I have told you initially, that I was born into the Royal family of Aderoju Ijina Quarters, in Ijoun. In the family of Aderoju, in the history of Ijoun, we have two ruling houses, Aderoju and the Aroja Oke. So, my father was once a king and he ascended the throne on January 13, 1955 and later joined his ancestors. And after that, in 1996, we had a new Oba. And the new king was Oba Jimoh Oyetunbo Olubo of the Ajagungbade, from Aroja Oke, who joined his ancestors on April 7, 2011. It now rotated and returned to our ruling house. And of course, I just won my election, the seventh day of my third term. The man passed on. And the town was without a king for about four years. And as a Prince, the family sat down, deliberated very well and they decided, that I should step into the shoe of my forefathers. When the call came, I was just returning from Abuja, precisely June 15, 2015, when the announcement of my candidature, as the Onijoun of Ijoun-designate was made on June 15, 2015. Traditionally, I was indoors until January 11, 2016, and I finally came out on January 13, 2016, which was the exact day- January 13– that my father was installed as the Onijoun of Ijoun. It was the day I too was installed. I was in a traditional confinement from June 15, 2015 to January 13, 2016, when I finally came out, as the newly crowned Onijoun of Ijoun. The announcement from the government was made on December 31, 2015, which was when the approval came. Of course, the kingmakers had finished their own job, since March 31, 2015, before it was announced, officially on June 15, 2015. Also, the final approval came from the government on December 31, 2015, and that paved the way for the traditional process of installing me as the king. So, on January 13, 2016, I was crowned. Then, the staff of office and coronation came up on March 26, 2016.
Do you still enjoy the freedom that you were used to, when you were not a King?
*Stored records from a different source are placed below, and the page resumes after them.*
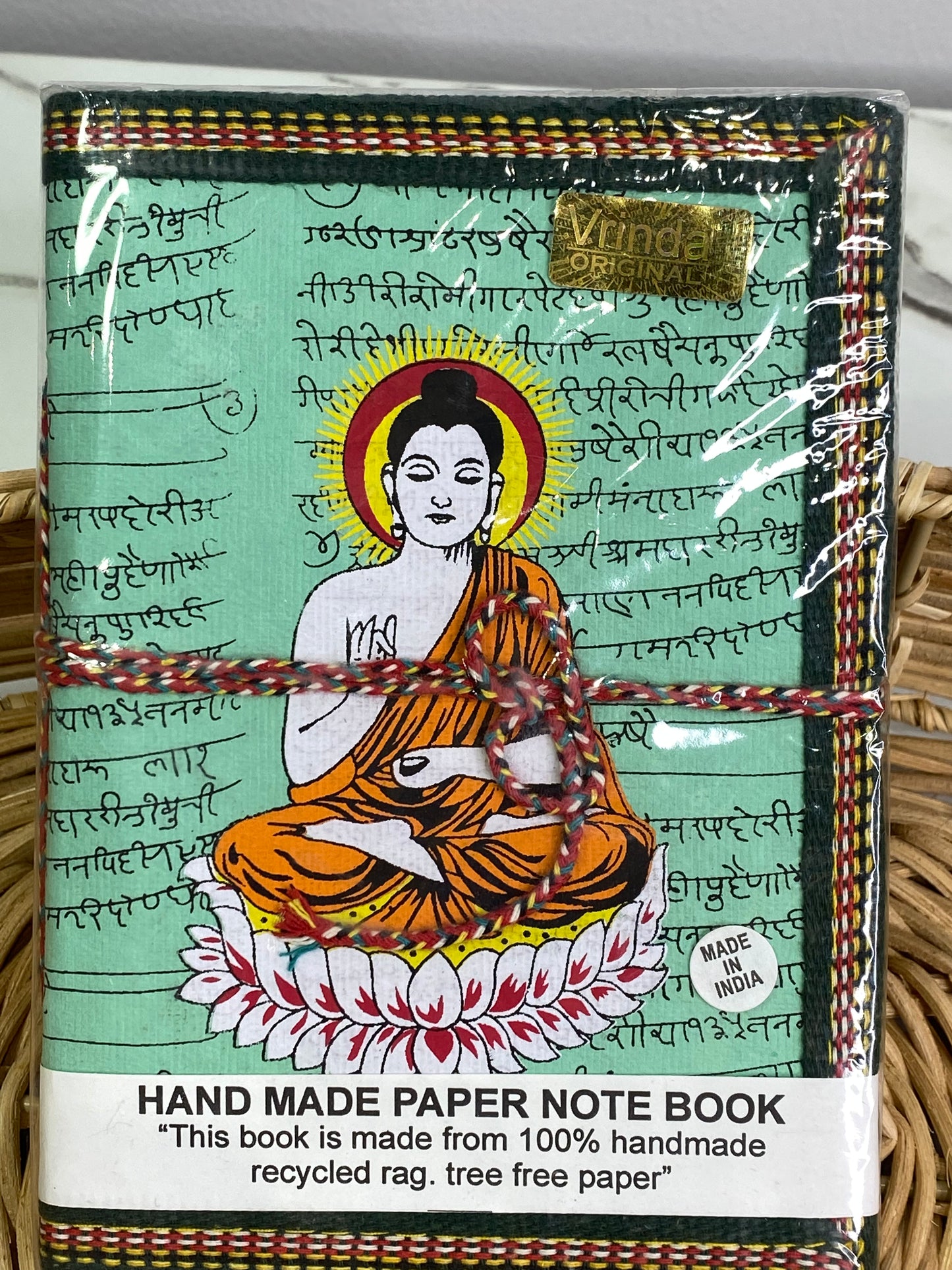 Buddha Paper Journal (Green) - Healing Lotus Shop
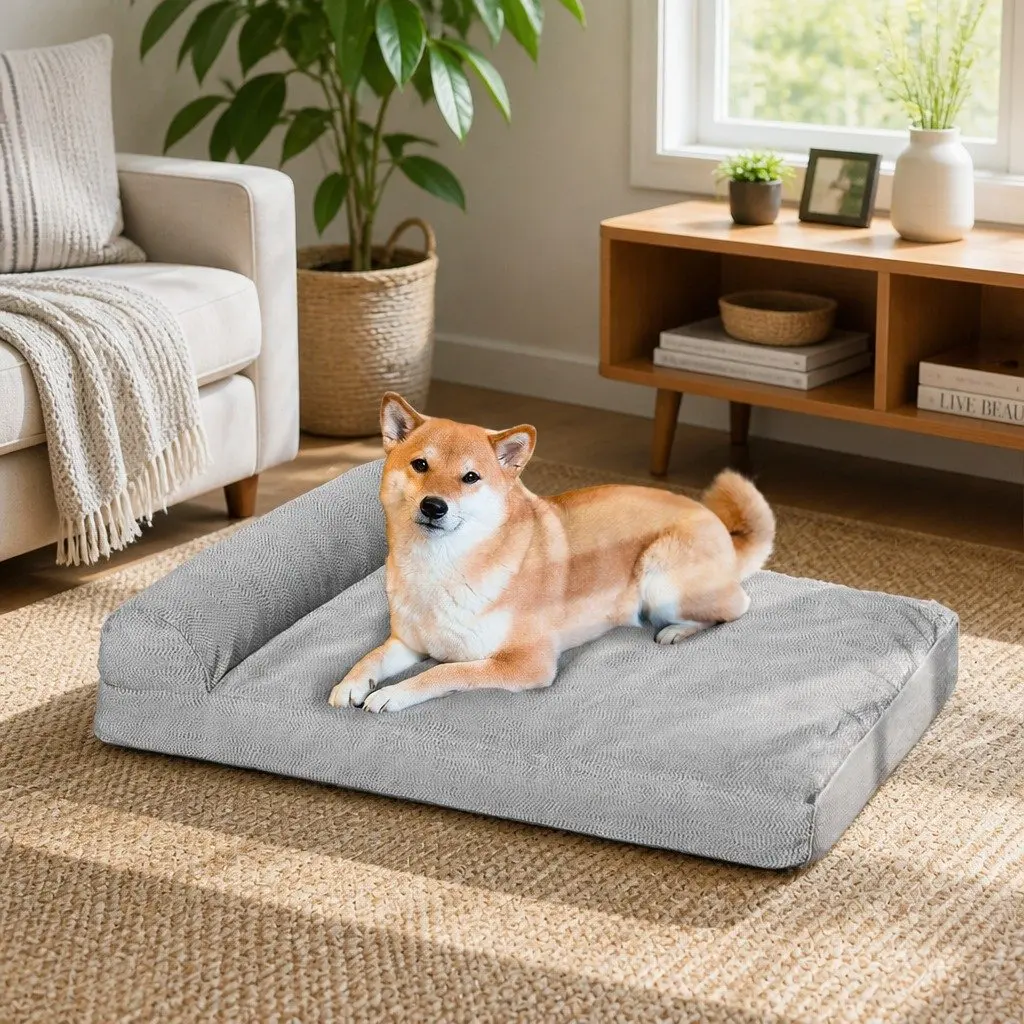 Memory Foam Pet Bed Chew Proof Large Waterproof Dog Cat Cushion
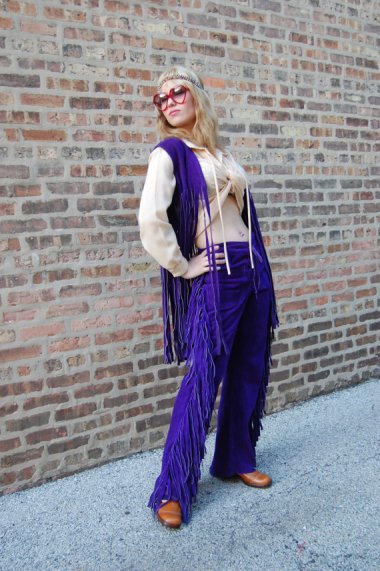 On the other hand, many, many children were produced in the sixties, in spite of the preponderance of purple suede fringe. By FrocksnFrillsVintage
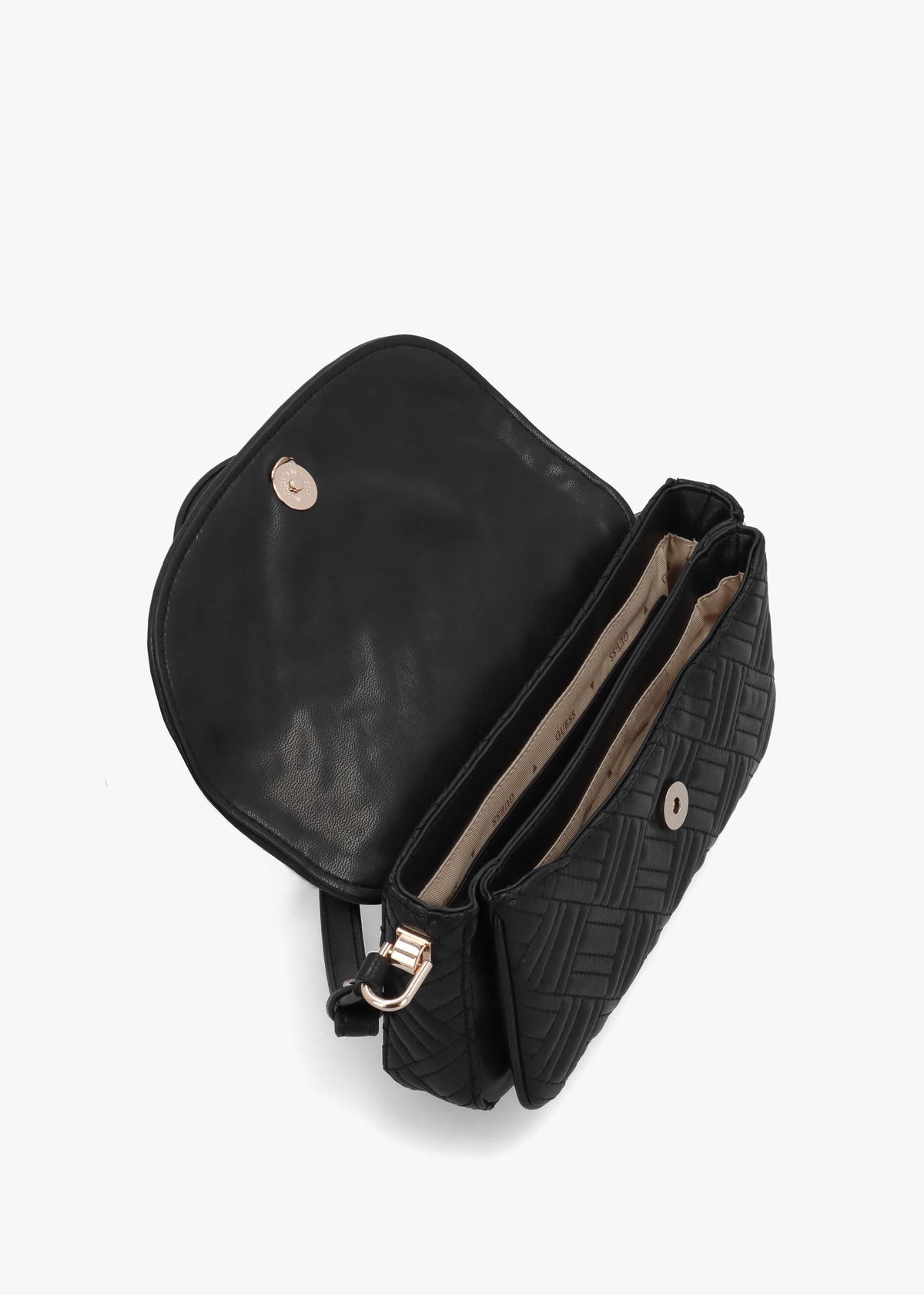 Sally Convertible Black Quilted Cross-Body Bag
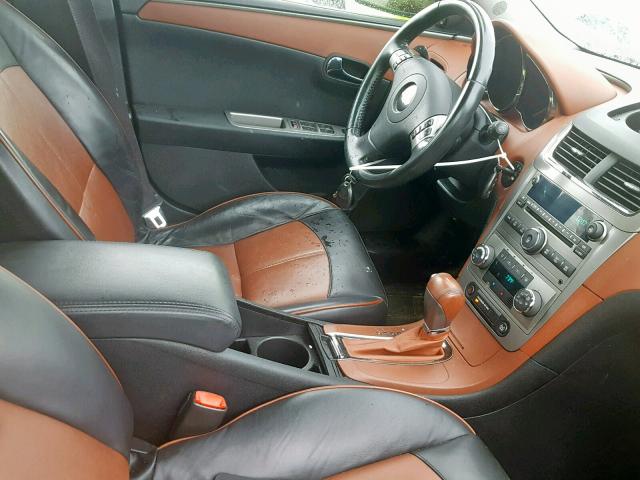 1G1ZK57768F189367 - 2008 CHEVROLET MALIBU LTZ ნაცრისფერი ფოტო 5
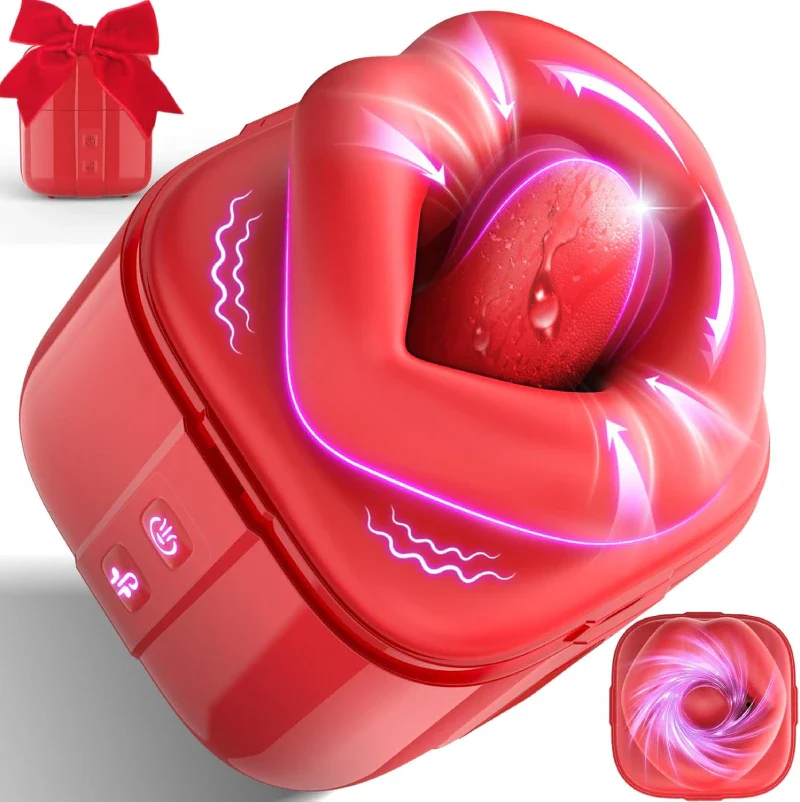 Dorrie Dual-Stimulation Tongue Vibrator & Suction Massager – Gift Box Style - Image 4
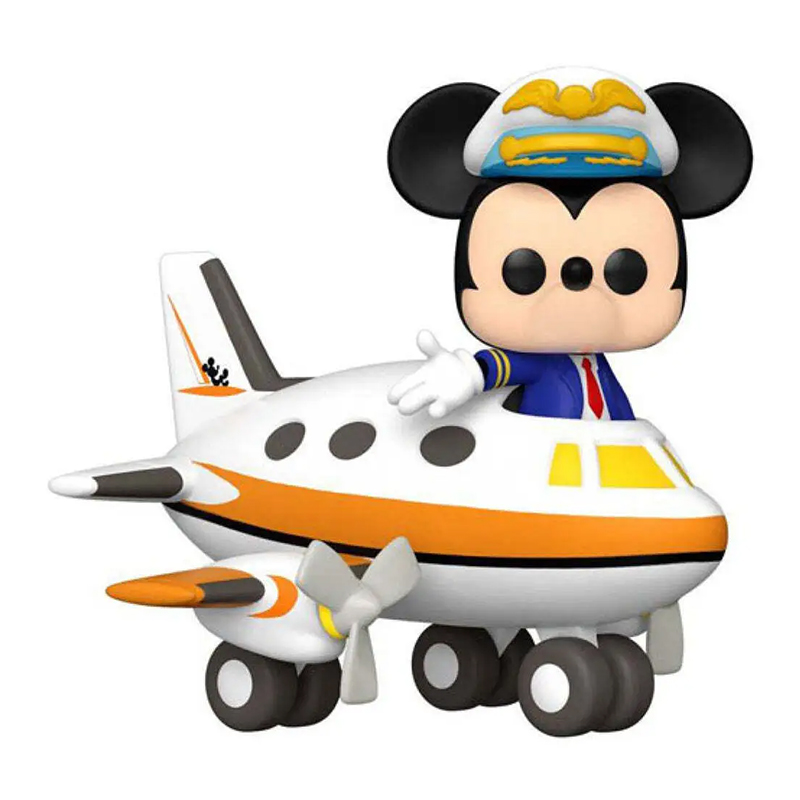 foto del prodotto funko pop mickey with plane 66375 disney ride num.292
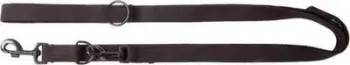 Litar për qen Dingo Extendable Cotton, 1.6cm, 120-220cm, i zi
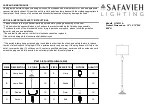 Safavieh LIT4333A Quick Start Manual preview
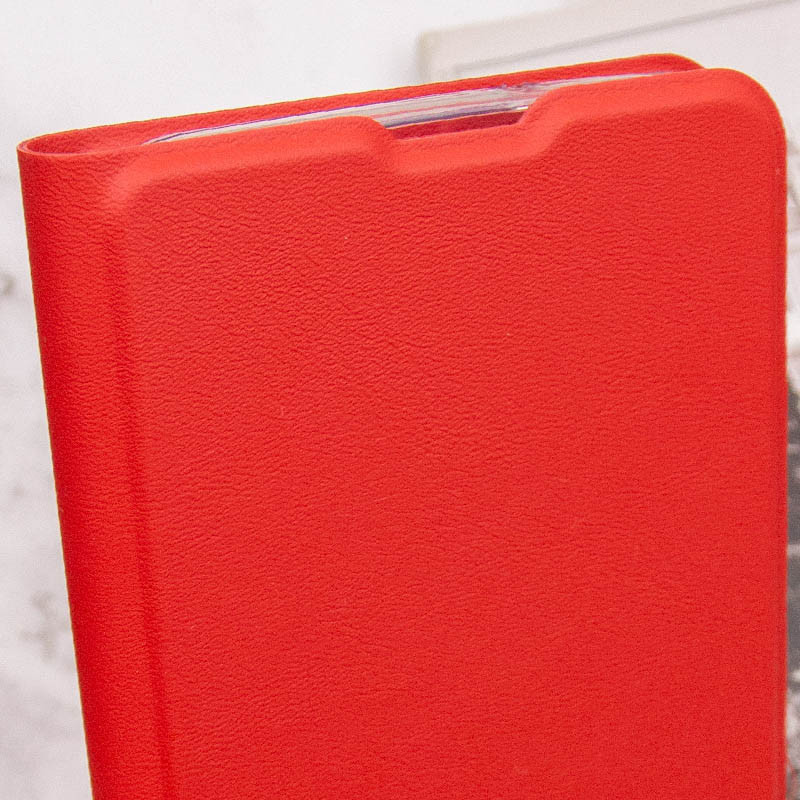 Кожаный чехол книжка GETMAN Elegant (PU) для Xiaomi Redmi Note 8 Pro (Красный) в магазине vchehle.ua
This is where I was born and there is no way I can run away from here. It is the tradition and you must follow it. It is just a process to becoming an Oba in Yorubaland. We have different ways, anyway, but in Ijoun here, they will ask you to do the normal thing that a person should do before becoming the Onijoun of Ijoun. So, I passed through the processes, before I became the Onijoun of Ijoun. It gave me a sense of belonging that, ‘Mr. Honourable, you are no more an Honourable member, you are now an Oba. Prepare yourself and forget about all the enjoyments, travelling here and there, when you were Honorable member. Now, you are a traditional ruler of Ijoun. You will have to stay put here in Ijoun.’ Having stayed almost seven months here now, I am used to it. In fact, since June 15, 2015 up to date, I think, I have slept outside for only two or three nights. So, the rest, I have been here in Ijoun. Just like when I was born, and I didn’t know Abeokuta or Ilaro; I remain here in Ijoun, just like that. I am okay. I thank God that my children, many of them live abroad. Anytime I feel like going there to visit them, it is just for me to write an official application to travel out. Of course, I should have my own vacation, as well. So, I can go and see my children in US or UK or Canada. I have the time to do that, during my vacation, which I am just planning to do now. In almost two years, I have not been able to travel anywhere. Even my children do come home to see me, from three different places. Notwithstanding, I still need to go and visit them and also refresh myself there, enjoy the cool breeze there, before returning home. So, Ijoun is very peaceful. I love Ijoun. It is a place, where we don’t have air pollution. If I want to eat fresh vegetable now, it is just for me to send them to my backyard and they will get fresh vegetable for me. You can see that we are doing fine here in Ijoun. A few months now, there has been tremendous improvement among our people, and the orientation has changed. No thugery, no stealing and no violent crimes. We are enjoying it and we have been making our people happy.